Peggy is a wonderful sister, and she has been a gentle blessing in all of our lives. She was my big sister, and I believed absolutely everything she told me. When I was a little girl, I had this nervous habit of picking at my navel. To break my habit, she told me that if I kept it up, I would unscrew my legs and they would fall off. I went around terrified for weeks, waiting for my legs to fall off. Then there was the time she talked me into letting her cut my hair. That was the one and only time too; it looked like she had put one of Mother's bowls on my head, and it took forever to grow out too. We shared a bedroom until she married, and I had a nightly ritual of having to write on her back until she fell asleep. I often wondered if Leon did that for her.
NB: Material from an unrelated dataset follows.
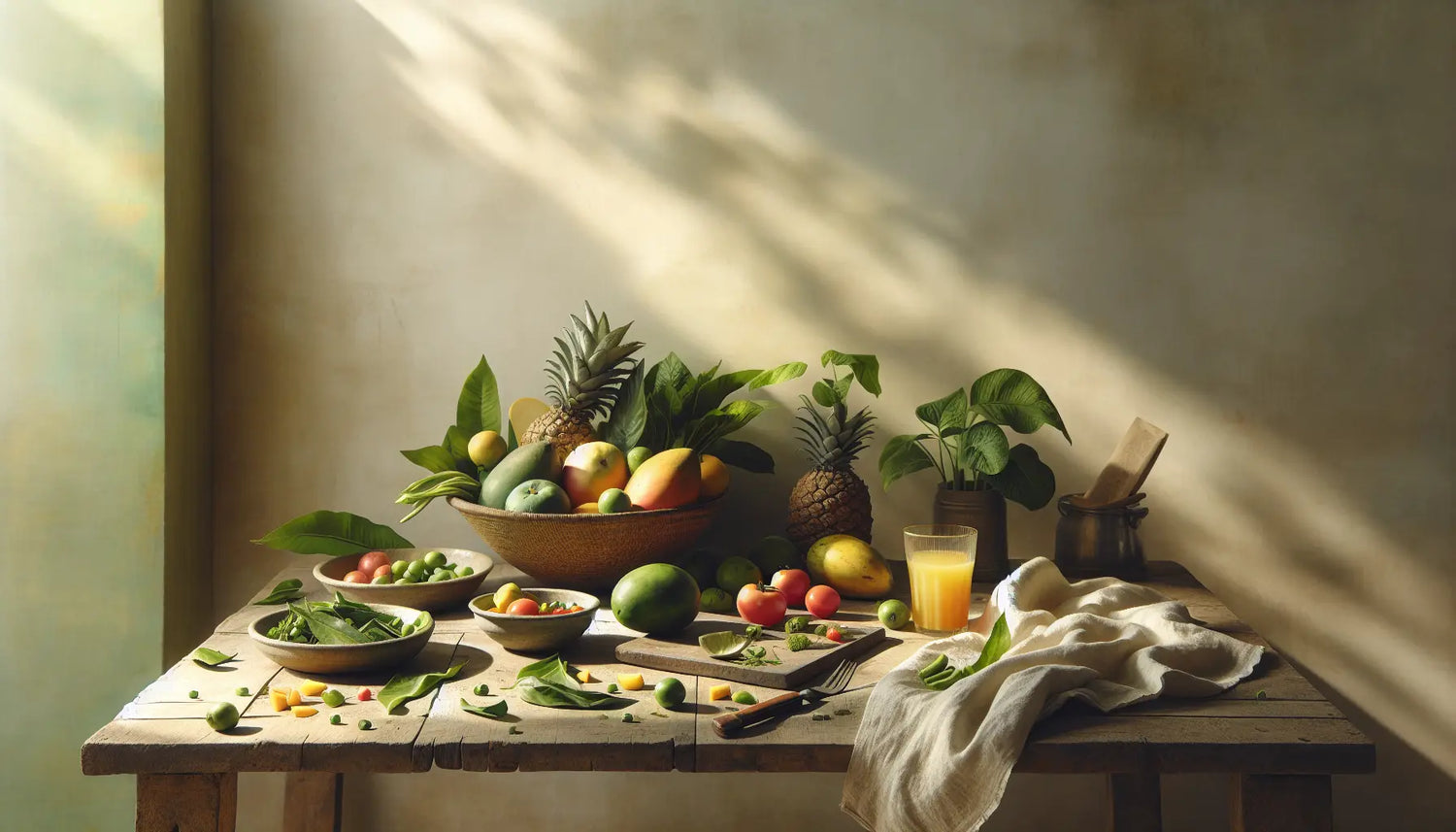 indischer vegetarischer markt frisches obst gemuese keramikkorb mango ananas tomaten offene stoffserviette milchglas saft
I know she did the same with Teresa; I heard her talking about it once.


Leon didn't drive when he and Peggy were dating. Doug and Peggy taught him to drive, and Doug took him to get his license after he and Peggy got married. You had to parallel park in those days with just a yellow line behind you and it was hard to see. Doug did the same for Leon and me. He would casually walk back and stand on the sidewalk next to the yellow line so we wouldn't back over it.

I remember the new bride and groom getting into Peggy's old Mercury leaving the church after the ceremony. They got married in the Crab Orchard church, not Mount Olivet. Peggy got in the driver's seat and Leon got in the passenger side. When they were dating, he would hitch a ride to our house, and Mom drove him back home. The first time Leon came to our house, he and Peggy were sitting in the living room, and here comes Daddy with a rifle. Leon turned a little pale, but it turns out Daddy just wanted to show him the gun that had belonged to Grandpa Buchanan. It's a wonder Leon ever came back.

I can remember Becky and me riding bikes off the mountain from Grandma's house, starting at Medford's and coasting all the way down - on bikes with no brakes. How we survived I don't know. Someone must have been watching over us.

We used to sit on the porch near dusk at Grandma's old house and listen to the frog chorus. There was a pond down the road from their house, and it was a veritable environmental petri dish, with frog eggs, tadpoles, and reeds growing in abundance and probably a few snakes thrown in for good measure. All kinds of slimy little creatures to thrill a kid's heart. We used to watch the little black dots in the center of the frog eggs hatch into little tadpoles. Science in action.